Infirmation partielle 20 novembre 2025
Commentaire • 0
Sur la décision
| Référence : | CA Bordeaux, 2e ch. civ., 20 nov. 2025, n° 22/03378 |
|---|---|
| Juridiction : | Cour d'appel de Bordeaux |
| Numéro(s) : | 22/03378 |
| Importance : | Inédit |
| Décision précédente : | Tribunal de grande instance, 23 juin 2021, N° 20/03087 |
| Dispositif : | Autre |
| Date de dernière mise à jour : | 29 novembre 2025 |
| Lire la décision sur le site de la juridiction |
Sur les parties
| Avocat(s) : | |
|---|---|
| Cabinet(s) : | |
| Parties : | SAS immatriculée au RCS de [ Localité 8 ] sous le numéro, S.A.S. FRANCELOT |
Texte intégral
COUR D’APPEL DE BORDEAUX
2ème CHAMBRE CIVILE
— -------------------------
ARRÊT DU : 20 NOVEMBRE 2025
N° RG 22/03378 – N° Portalis DBVJ-V-B7G-MZLU
S.A.S. FRANCELOT
c/
[P] [B] épouse [S]
[F] [S]
Nature de la décision : AU FOND
Grosse délivrée le :
aux avocats
Décision déférée à la cour : jugement rendu le 23 juin 2021 par le TJ hors JAF, JEX, JLD, J. EXPRO, JCP de [Localité 2] (chambre : 7, RG : 20/03087) suivant déclaration d’appel du 29 juin 2021
APPELANTE :
S.A.S. FRANCELOT
SAS immatriculée au RCS de [Localité 8] sous le numéro 319 086 963, ayant son siège social sis [Adresse 3], prise en la personne de son représentant légal en exercice
Représentée par Me Thomas FERRANT de la SELARL CABINET FERRANT, avocat au barreau de BORDEAUX
INTIMÉS :
[P] [B] épouse [S]
née le 23 Août 1954 à [Localité 6] (59)
de nationalité Française
Profession : Cadre hospitalier,
demeurant [Adresse 1]
[F] [S]
né le 31 Janvier 1958 à [Localité 7]
de nationalité Française
Profession : Cadre commercial,
demeurant [Adresse 1]
Représentés par Me Mathilde KNIPILER, avocat au barreau de BORDEAUX
et assistés de Me Jérôme NORAY-ESPEIG de la SELARL NORAY-ESPEIG, avocat au barreau de TOULOUSE
COMPOSITION DE LA COUR :
En application des dispositions des articles 805 et 907 du code de procédure civile, l’affaire a été débattue le 07 octobre 2025 en audience publique, les avocats ne s’y étant pas opposés, devant Monsieur Rémi FIGEROU, Conseiller, qui a fait un rapport oral de l’affaire avant les plaidoiries,
Ce magistrat a rendu compte des plaidoiries dans le délibéré de la cour, composée de :
Monsieur Jacques BOUDY, Président
Monsieur Rémi FIGEROU, Conseiller
Madame Christine DEFOY, Conseillère
Greffier lors des débats : Madame Audrey COLLIN
ARRÊT :
— contradictoire
— prononcé publiquement par mise à disposition de l’arrêt au greffe de la cour, les parties en ayant été préalablement avisées dans les conditions prévues au deuxième alinéa de l’article 450 du code de procédure civile.
* * *
FAITS ET PROCÉDURE :
1. Par acte du 13 avril 2018, M. [F] [S] et Mme [P] [B], épouse [S] ont acquis auprès de la société par actions simplifiée Francelot en état futur d’achèvement, une maison jumelée à usage d’habitation sous le statut de la copropriété consistant le lot n°D2 de l’ensemble immobilier '[Adresse 5] sis [Adresse 4] à [Localité 9], moyennant le prix de 250 570.00 euros.

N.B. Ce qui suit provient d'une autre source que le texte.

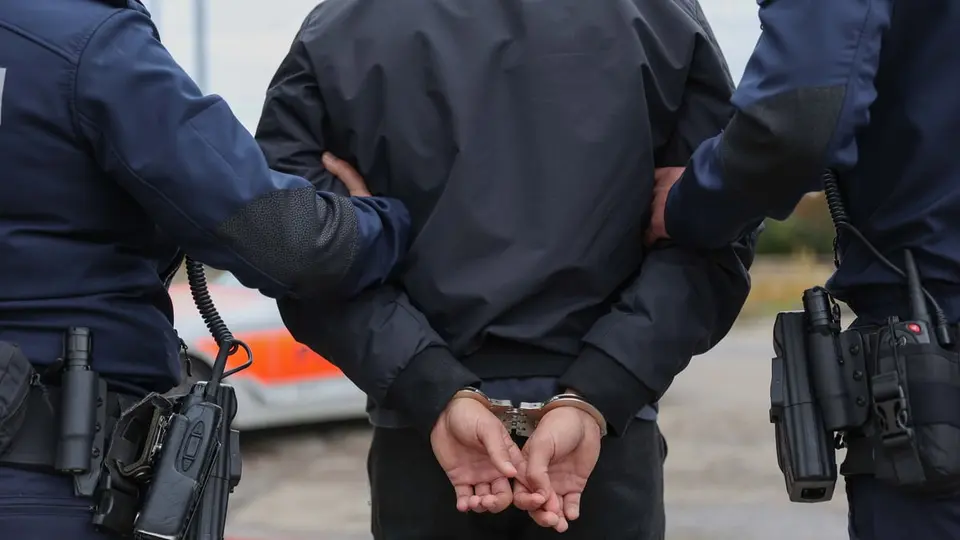 Drei mutmassliche Taschendiebe in Gossau festgenommen – Diebesgut sichergestellt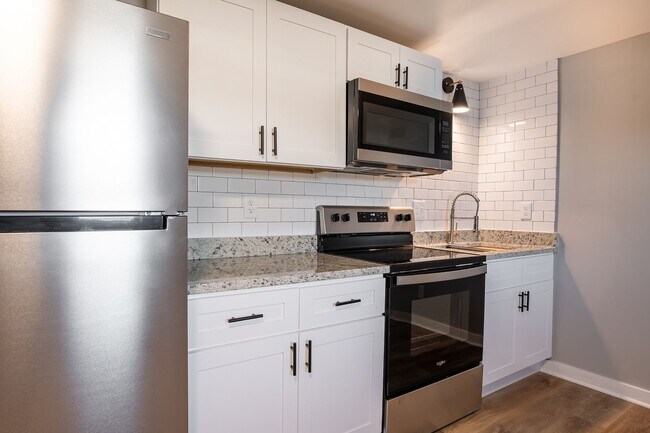 Building Photo - Discover Modern Living at Genesis Apartments – Cleveland, TN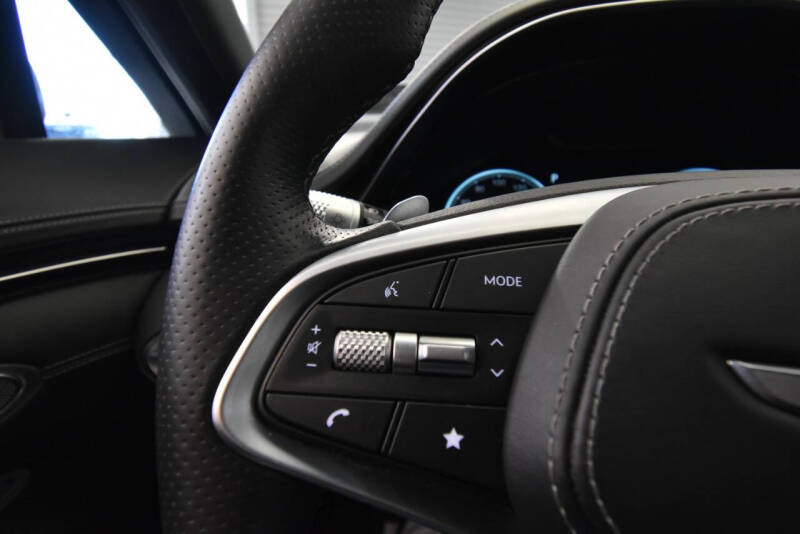 2023 Genesis GV70 2.5T Standard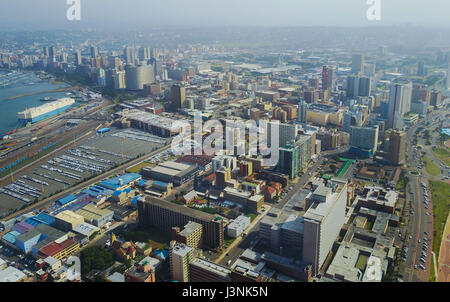 In Johannesburg. 6. Mai 2017. Foto aufgenommen am 6. Mai 2017 zeigt eine Luftaufnahme von Durban, Provinz KwaZulu-Natal, Südafrika. Bildnachweis: Zhai Jianlan/Xinhua/Alamy Live-Nachrichten Stockfoto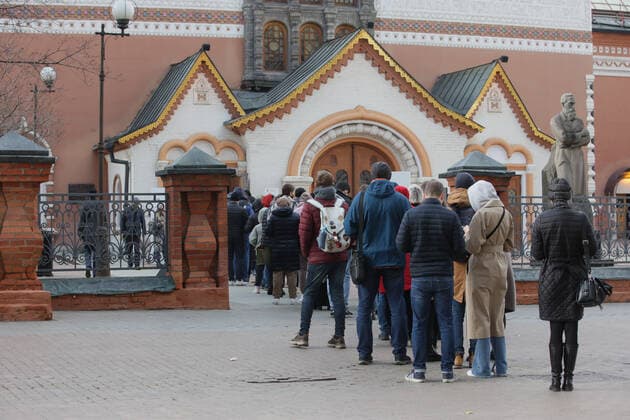 Russia Coronavirus Restrictions 6686207 31.10.2021 People queue to enter the State Tretyakov Gallery, in Moscow, Russia. Moscow introduced new measures beginning October 28, shutting down kindergartens, schools, gyms, entertainment venues and most stores, and restricting restaurants to takeout or delivery. Access to museums, theaters, concert halls and other venues in Russia is limited to people holding QR-codes to prove they have been vaccinated or recovered from COVID-19, a practice that will remain after November 7. Vitaliy Belousov Sputnik Moscow Russia  Copyright: xVitaliyxBelousovx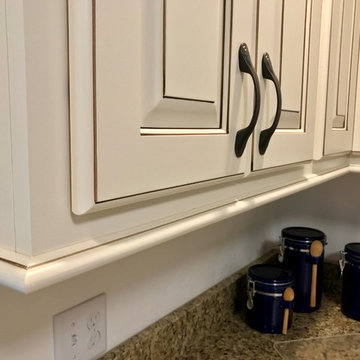Geneseo Remodel Koch Cabinets Painted Pearl Umber Glaze Venetian Gold Granite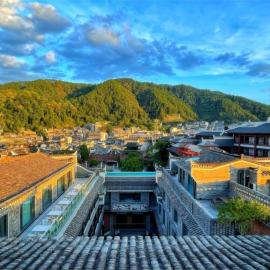 Phoenix Hall Historic Residence with Viral infinity pool rooftop bar Perfect photo spot 堂舍見山百年旧址设计师人文旅居院落, hotel in Fenghuang County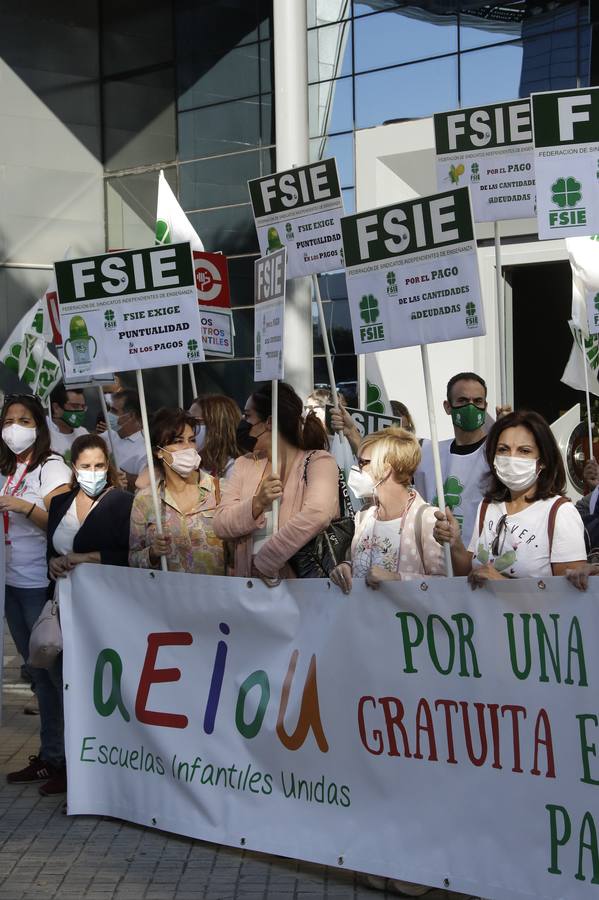 En imágenes, manifestación de las escuelas infantiles de Andalucía por el retraso en los pagos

Sauf survenance d’un cas de force majeure ou d’une cause légitime de suspension du délai de livraison, le contrat prévoyait que la livraison devait intervenir au cours du 13ème mois après la signature de l’acte ou dans les 15 mois après le démarrage des travaux du logement étant alors précisé que le terme du délai était la date la plus tardive de l’alternative.
Par lettre recommandée avec accusé de réception en date du 24 mai 2019, la Sas Francelot a informé les époux [S] que la date de livraison avec remise des clés était fixée au 07 juin 2019 à 10h00.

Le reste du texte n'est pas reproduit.